(ASSIGNMENT) The line with "8462 days inn" marks the first line to copy, and the line with "Tenga Iroha Mini | Clitoral Vibrator" marks the last. Transcribe that stretch of the data below exactly, without pictures.

(DATA EXTRACTS)
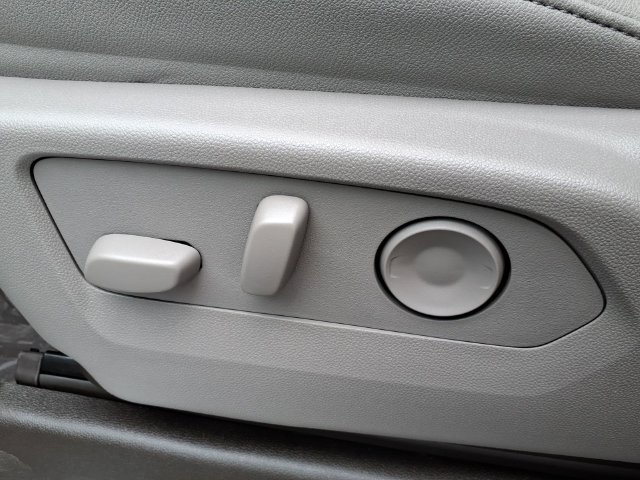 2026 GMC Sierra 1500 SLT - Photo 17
* * *
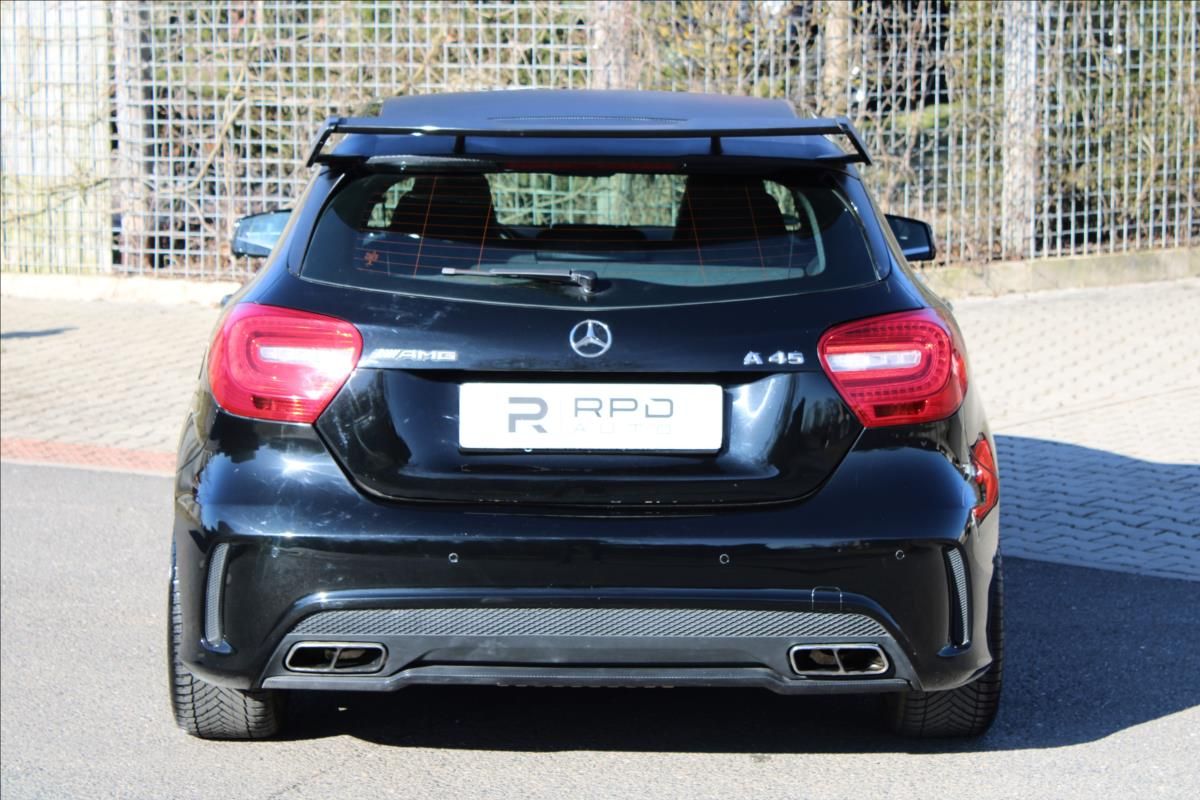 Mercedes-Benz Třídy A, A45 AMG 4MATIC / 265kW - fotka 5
* * *
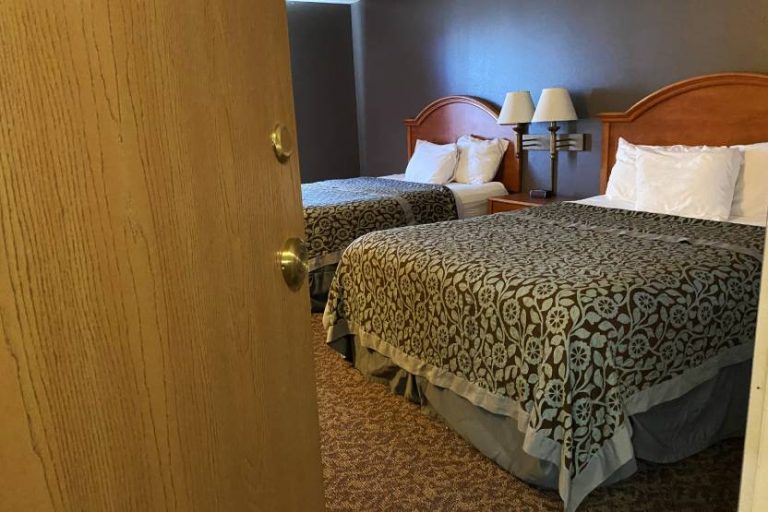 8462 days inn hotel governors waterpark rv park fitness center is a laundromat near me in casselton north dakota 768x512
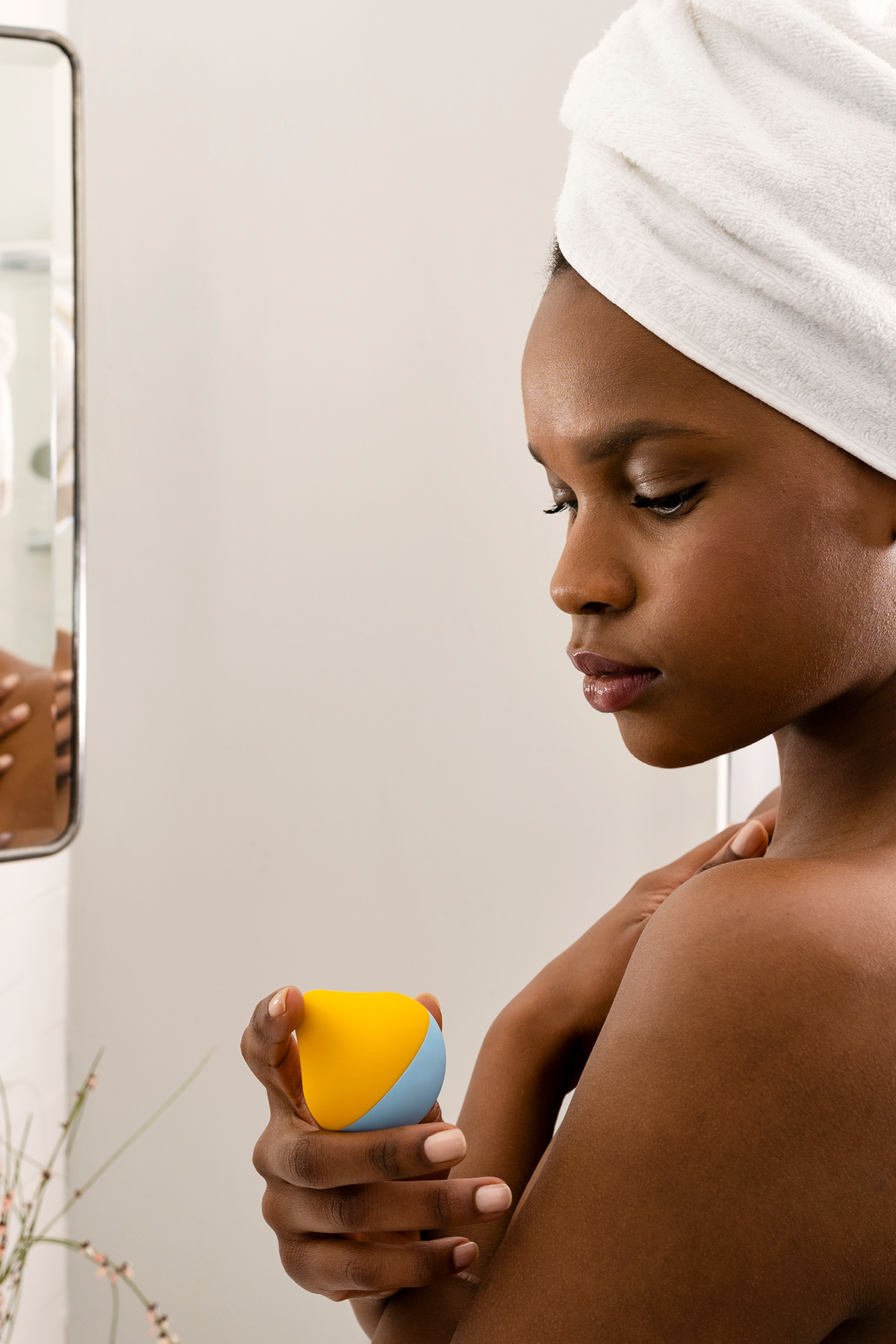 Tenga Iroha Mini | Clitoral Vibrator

(TASK RESULT)
 8462 days inn hotel governors waterpark rv park fitness center is a laundromat near me in casselton north dakota 768x512
 Tenga Iroha Mini | Clitoral Vibrator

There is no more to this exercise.